● EXERCISE OBJECTIVE: Please repeat, exactly and with nothing extra, the line containing "Happy birthday written" and every line after it up to the end of the material.

● DATA LISTING:

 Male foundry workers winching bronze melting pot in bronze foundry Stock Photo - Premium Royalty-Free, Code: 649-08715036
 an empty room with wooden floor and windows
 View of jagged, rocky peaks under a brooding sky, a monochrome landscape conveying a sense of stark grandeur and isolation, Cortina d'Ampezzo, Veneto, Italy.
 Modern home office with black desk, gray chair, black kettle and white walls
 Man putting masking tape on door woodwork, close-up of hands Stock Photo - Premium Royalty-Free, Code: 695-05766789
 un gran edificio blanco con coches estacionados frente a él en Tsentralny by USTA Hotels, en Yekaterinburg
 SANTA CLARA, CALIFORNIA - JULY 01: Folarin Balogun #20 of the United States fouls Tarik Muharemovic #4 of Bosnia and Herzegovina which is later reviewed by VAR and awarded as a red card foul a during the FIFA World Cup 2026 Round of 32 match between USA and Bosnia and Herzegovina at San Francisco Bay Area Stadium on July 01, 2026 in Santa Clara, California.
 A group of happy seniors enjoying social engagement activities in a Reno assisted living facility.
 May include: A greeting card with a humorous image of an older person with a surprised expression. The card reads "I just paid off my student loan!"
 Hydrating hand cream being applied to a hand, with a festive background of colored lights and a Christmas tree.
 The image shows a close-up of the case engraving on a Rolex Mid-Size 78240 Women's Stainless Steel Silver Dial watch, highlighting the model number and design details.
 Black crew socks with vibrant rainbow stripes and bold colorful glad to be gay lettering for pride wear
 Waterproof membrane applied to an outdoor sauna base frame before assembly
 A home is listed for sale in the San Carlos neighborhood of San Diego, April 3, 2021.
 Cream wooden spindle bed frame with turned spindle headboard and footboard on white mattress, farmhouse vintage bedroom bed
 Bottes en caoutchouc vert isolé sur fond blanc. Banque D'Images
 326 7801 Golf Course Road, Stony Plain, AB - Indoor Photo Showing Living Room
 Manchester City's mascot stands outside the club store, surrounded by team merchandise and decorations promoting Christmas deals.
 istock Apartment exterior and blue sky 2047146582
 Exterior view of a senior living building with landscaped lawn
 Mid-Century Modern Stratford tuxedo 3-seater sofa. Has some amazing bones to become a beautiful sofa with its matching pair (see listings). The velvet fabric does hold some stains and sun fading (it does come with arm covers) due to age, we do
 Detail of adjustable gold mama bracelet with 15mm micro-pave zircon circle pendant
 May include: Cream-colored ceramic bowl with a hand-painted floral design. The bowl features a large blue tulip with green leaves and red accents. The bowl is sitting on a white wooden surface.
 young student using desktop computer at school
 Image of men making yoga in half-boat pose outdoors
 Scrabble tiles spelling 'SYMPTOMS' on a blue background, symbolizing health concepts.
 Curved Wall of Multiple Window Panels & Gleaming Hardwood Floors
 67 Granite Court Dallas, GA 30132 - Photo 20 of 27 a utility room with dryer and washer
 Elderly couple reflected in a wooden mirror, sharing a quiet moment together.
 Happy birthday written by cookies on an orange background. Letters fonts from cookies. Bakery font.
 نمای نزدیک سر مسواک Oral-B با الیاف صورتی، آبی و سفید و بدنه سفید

● RESULT OF THIS TASK:
 Happy birthday written by cookies on an orange background. Letters fonts from cookies. Bakery font.
 نمای نزدیک سر مسواک Oral-B با الیاف صورتی، آبی و سفید و بدنه سفید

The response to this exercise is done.